自民党の政治資金パーティーの裏金疑惑をめぐり、安倍派の10人以上の議員がノルマを超えた収入を派閥に納めず、“中抜き”を行っていたことがわかりました。一方、小泉法務大臣は強制捜査を受けた二階派を退会しましたが、派閥の退会だけでは「何の役にも立たない」と話すのは、元法務大臣の小川敏夫氏。検察への「指揮権」が悪用されるという懸念を抱かれること自体が問題だと指摘します。

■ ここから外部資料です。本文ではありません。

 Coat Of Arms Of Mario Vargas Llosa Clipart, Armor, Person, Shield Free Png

また新たな疑惑…安倍派議員の10人以上が“中抜き”か

安倍派の議員を交代させても岸田内閣は落ち着きを取り戻せずにいます。

自民党の派閥の政治資金パーティーをめぐる裏金問題で、20日、また新たな疑惑が。過去5年間で、安倍派所属の10人以上の国会議員側がノルマを超えた収入を派閥に納めない、いわゆる“中抜き”を行い、手元で金を管理していたことが関係者への取材でわかりました。

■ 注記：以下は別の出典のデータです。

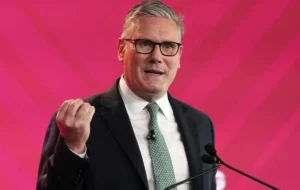 ابلاغ طرح ۵ مادهای بریتانیا برای بازگشایی تنگه هرمز/ ماجرا چیست؟ ابلاغ طرح ۵ مادهای بریتانیا برای بازگشایی تنگه هرمز/ ماجرا چیست؟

これらの収入は、議員側の収支報告書には記載されず、“中抜き”の額が100万円を超える議員も複数いるということです。

かつて安倍派の国会議員を支援し、パーティー券を売った経験がある男性は…

安倍派議員の元後援会員
「(ノルマ超過分を)保管しておいて、自分の政治活動に使う。全部売れたものを全部送金すると、記録に残ってしまう。口座に入れなければ、それでポスターや名刺を印刷したり、秘書の給料を支払ったり」

“中抜き”した額を合わせると、安倍派の裏金の総額は、これまでわかっている約5億円より増えることになります。

「今派閥辞めても何の役にも立たない」

一方、二階派をめぐり新たな動きが…

二階派を退会 小泉龍司 法務大臣
「国民の誤解を招くことがないよう、政策集団志帥会(二階派)を退会したい、離脱したいとの考えを二階会長に伝えまして、了承いただきました」

小泉法務大臣は所属していた二階派を退会したと明らかにしました。

「Q.派閥を退会したら国民の誤解は生まれないと考えているのか」

二階派を退会 小泉龍司 法務大臣
「誤解を招かないように今回、退会という行動をとったわけで、しっかりとその思いをまっすぐに職務を果たしていくと。それが私のあるべき姿だというふうに政治家として確信しているわけです」

小泉氏は大臣を辞める考えはないと明言しましたが、野党側は検察に対する指揮権を持っている法務大臣の職にふさわしくないと辞任を求めています。

今派閥を辞めて、意味はあるのでしょうか?

元法務大臣 小川敏夫 弁護士
「今から(派閥を)やめたって何の役にも立たないんじゃないですか。そういう行為が行われていた(疑いがある)時にいたことが大事なので」

小川氏は民主党政権で法務大臣だった当時、検事が虚偽の捜査報告書を作成した問題をめぐり、「指揮権」の発動を検討したと明かしています。